Archive for February, 2018
Market Madness
After many months of very smooth sailing and steady uptrend, the markets seemed to turn on a dime last week and produced two largest point drops in the Dow in history (both over 1,000 points) within the same week. There wasn’t any apparent reason for this sudden turbulence, but of course many market pundits rushed in to explain it. The consensus seems to be that the market dropped because everything is great. Too great, that is — an expanding economy, low unemployment rate, and generally favorable business climate — may awaken inflation leading to higher interest rates. It is true that in theory, higher interest rates put a damper in stocks, as bonds, traditional competition to stocks, become more attractive. The question is, how much higher will interest rates rise?
But these same concerns were valid one week ago, one month ago, and one year ago. Yet the market dropped this week. The simple reason behind it, as is the case in any market drop, was because there were more sellers than the buyers. That’s it. As it why it happened now — well, it had to happen sometime. A correction, or drop of at least 10% from the top, is a very common occurrence and happens, on average, every 18 months or so. The last one was in 2016, 2 years ago. Also, as I mentioned before, we had a very calm and rising market last year. We were overdue. By the way, just this week the market experienced more 1% fluctuations than in whole 2017!

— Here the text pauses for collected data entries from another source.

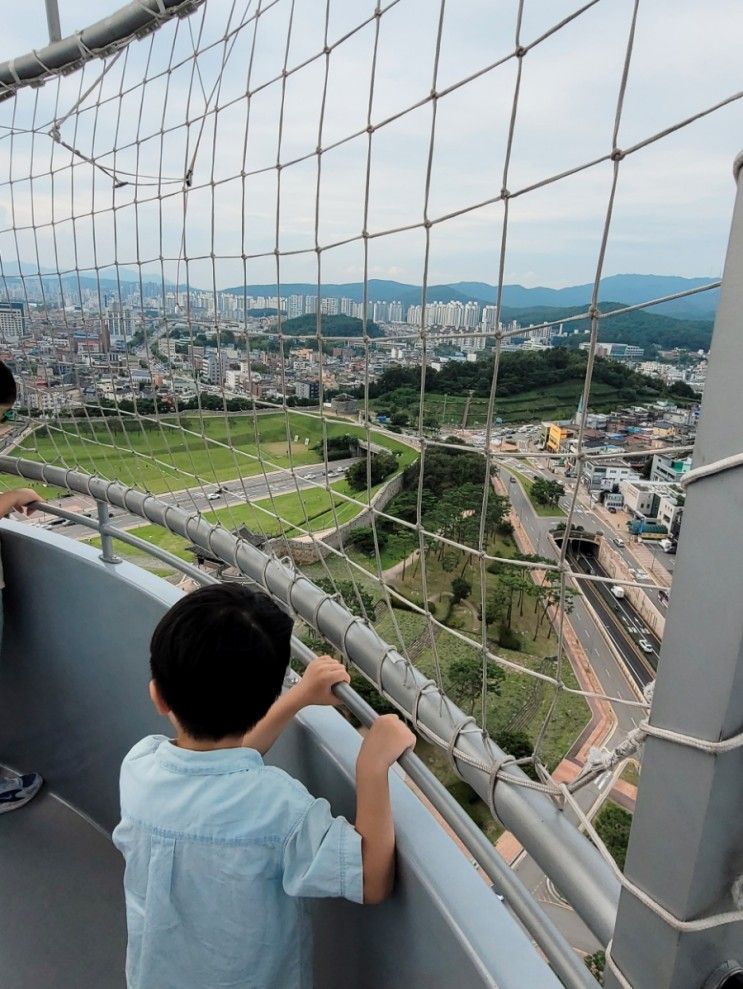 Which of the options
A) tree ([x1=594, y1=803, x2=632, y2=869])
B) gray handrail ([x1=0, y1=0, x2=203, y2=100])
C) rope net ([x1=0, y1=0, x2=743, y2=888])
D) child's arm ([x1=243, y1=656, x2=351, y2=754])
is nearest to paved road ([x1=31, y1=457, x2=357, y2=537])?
Result: rope net ([x1=0, y1=0, x2=743, y2=888])

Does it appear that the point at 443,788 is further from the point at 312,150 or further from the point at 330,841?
the point at 312,150

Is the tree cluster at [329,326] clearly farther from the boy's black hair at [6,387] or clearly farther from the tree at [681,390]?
the boy's black hair at [6,387]

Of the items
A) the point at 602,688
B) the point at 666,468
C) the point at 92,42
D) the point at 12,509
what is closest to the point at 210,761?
the point at 602,688

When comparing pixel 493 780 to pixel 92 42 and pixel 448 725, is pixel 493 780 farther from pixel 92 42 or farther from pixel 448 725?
pixel 92 42

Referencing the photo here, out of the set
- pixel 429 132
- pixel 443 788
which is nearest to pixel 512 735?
pixel 443 788

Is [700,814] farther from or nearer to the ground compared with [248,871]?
farther from the ground

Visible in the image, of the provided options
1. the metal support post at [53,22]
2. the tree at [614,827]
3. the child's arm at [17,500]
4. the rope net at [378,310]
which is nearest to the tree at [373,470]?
the rope net at [378,310] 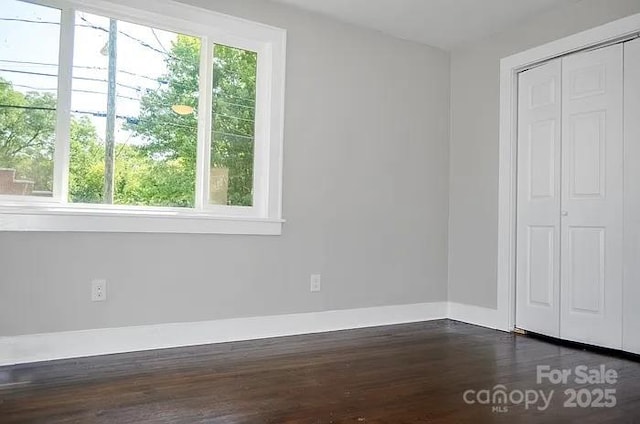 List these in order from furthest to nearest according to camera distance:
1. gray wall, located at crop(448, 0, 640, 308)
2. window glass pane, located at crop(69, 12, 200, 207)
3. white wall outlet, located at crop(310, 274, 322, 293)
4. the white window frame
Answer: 1. gray wall, located at crop(448, 0, 640, 308)
2. white wall outlet, located at crop(310, 274, 322, 293)
3. window glass pane, located at crop(69, 12, 200, 207)
4. the white window frame

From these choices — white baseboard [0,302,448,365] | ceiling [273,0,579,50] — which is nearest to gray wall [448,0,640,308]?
ceiling [273,0,579,50]

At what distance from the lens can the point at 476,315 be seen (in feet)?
13.2

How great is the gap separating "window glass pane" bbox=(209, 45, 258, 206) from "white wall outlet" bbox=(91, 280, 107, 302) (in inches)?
33.5

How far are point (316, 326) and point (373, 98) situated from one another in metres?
1.81

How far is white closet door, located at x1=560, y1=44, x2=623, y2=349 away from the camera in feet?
10.3

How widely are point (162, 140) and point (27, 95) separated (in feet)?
2.53

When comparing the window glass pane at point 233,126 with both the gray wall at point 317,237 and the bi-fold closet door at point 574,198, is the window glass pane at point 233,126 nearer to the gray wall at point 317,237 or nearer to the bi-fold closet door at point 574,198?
the gray wall at point 317,237

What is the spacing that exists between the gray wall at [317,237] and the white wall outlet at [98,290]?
3cm

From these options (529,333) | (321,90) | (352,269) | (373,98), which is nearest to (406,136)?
(373,98)

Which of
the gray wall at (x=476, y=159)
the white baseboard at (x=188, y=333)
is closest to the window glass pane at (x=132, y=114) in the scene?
the white baseboard at (x=188, y=333)

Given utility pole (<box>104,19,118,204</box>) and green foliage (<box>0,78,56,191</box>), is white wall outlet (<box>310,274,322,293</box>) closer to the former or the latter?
utility pole (<box>104,19,118,204</box>)

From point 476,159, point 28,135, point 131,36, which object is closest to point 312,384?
point 28,135

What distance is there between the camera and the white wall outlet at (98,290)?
2869 millimetres

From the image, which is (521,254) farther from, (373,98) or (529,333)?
(373,98) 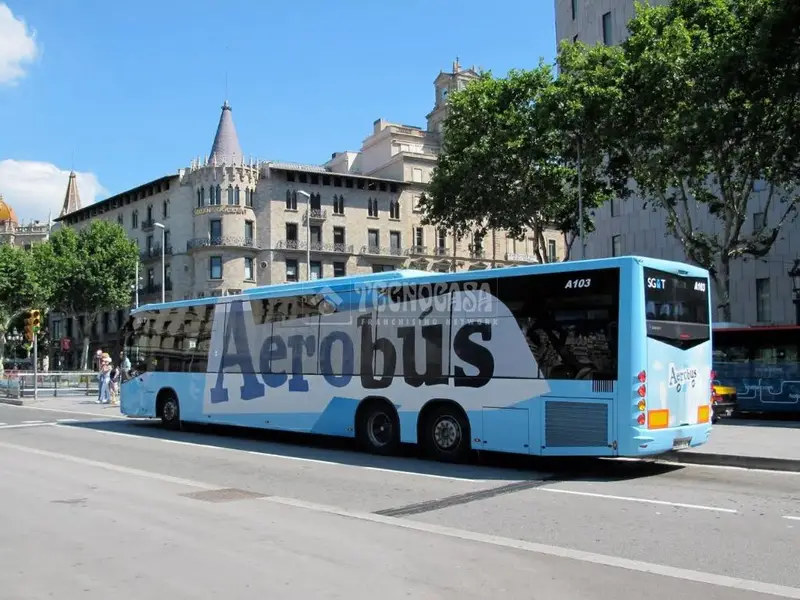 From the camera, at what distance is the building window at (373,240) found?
239ft

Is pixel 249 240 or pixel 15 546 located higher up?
pixel 249 240

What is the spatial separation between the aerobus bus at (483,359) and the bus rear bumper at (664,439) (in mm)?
22

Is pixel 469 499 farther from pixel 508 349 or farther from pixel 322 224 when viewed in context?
pixel 322 224

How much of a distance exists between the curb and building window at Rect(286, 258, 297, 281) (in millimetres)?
57827

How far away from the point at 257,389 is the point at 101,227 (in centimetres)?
5712

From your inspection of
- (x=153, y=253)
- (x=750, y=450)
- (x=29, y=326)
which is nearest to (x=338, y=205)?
(x=153, y=253)

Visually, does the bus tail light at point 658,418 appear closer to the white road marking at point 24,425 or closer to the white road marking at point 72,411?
the white road marking at point 24,425

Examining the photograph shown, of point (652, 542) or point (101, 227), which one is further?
point (101, 227)

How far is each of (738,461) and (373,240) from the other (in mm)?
61675

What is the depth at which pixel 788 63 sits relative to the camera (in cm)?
2131

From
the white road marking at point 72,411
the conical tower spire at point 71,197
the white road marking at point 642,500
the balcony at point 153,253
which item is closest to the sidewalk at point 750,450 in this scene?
the white road marking at point 642,500

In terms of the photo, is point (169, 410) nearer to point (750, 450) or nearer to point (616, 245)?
point (750, 450)

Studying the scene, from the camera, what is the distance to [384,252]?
73.0 meters

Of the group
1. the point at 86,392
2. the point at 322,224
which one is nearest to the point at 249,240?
the point at 322,224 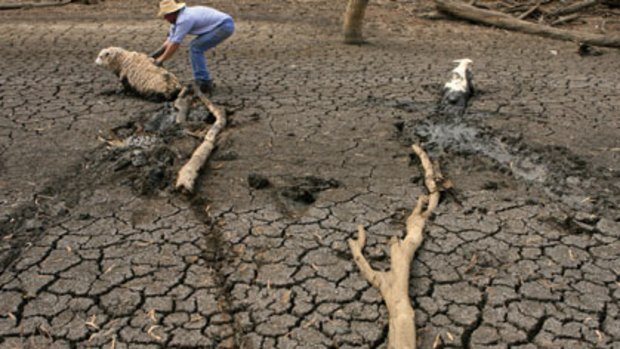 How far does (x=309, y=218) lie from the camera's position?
14.8 feet

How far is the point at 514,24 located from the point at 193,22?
19.8 ft

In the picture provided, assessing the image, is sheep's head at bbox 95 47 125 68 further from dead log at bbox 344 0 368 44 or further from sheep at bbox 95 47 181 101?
dead log at bbox 344 0 368 44

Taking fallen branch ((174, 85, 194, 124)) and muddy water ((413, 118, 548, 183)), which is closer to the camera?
muddy water ((413, 118, 548, 183))

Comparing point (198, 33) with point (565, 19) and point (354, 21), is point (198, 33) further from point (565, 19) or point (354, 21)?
point (565, 19)

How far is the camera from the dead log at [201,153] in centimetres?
482

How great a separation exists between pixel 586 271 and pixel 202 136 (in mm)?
3387

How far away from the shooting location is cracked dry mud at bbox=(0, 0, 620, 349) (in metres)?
3.47

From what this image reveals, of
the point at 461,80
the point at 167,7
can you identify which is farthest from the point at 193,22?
the point at 461,80

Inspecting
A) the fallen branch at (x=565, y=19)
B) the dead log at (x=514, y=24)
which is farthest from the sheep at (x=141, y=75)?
the fallen branch at (x=565, y=19)

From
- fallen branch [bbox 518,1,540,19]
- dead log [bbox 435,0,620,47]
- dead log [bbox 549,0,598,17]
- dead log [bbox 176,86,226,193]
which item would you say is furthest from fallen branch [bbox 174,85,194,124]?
dead log [bbox 549,0,598,17]

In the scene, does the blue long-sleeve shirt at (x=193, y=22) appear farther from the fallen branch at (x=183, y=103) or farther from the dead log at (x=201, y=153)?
the dead log at (x=201, y=153)

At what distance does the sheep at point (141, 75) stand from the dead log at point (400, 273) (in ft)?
10.7

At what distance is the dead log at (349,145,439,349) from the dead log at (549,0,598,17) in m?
8.03

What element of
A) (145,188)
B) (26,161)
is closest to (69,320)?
(145,188) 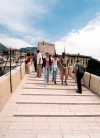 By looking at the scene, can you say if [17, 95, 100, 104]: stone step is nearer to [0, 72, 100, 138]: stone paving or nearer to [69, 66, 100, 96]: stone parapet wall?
[0, 72, 100, 138]: stone paving

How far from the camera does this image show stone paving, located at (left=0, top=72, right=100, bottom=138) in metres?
3.37

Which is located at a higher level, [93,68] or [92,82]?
[93,68]

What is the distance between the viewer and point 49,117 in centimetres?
418

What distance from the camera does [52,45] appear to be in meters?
41.0

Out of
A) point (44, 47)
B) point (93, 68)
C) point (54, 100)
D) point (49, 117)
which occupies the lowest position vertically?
point (49, 117)

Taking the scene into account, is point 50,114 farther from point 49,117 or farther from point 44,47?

The 4-digit point drops in the Dow, while impressive, don’t even make it to top 20 in terms of percentage drops. For now, I think this is typical garden variety correction. Historically, it takes an average of 4 months for the markets to recover to prior highs. Of course, more pain can always be ahead, but I don’t think this correction will turn to a full-fledged bear market (a drop of at least 20%). For that, a recession is usually required, and current economic situation is just too strong to allow that to happen.
After this drop, S&P 500 forward PE is at 16.3, very close to its 5-year average of 16, but still higher than it 10-year average of 14.3. In 2018, earnings are projected to rise 18.5% and revenue by 6.5%. Full three quarters of the companies reported positive earnings and revenue surprises for Q4 2017, so the analysts keep rising their earnings targets. My advice at this point, as always, is to keep calm and stick with high quality companies with strong fundamentals.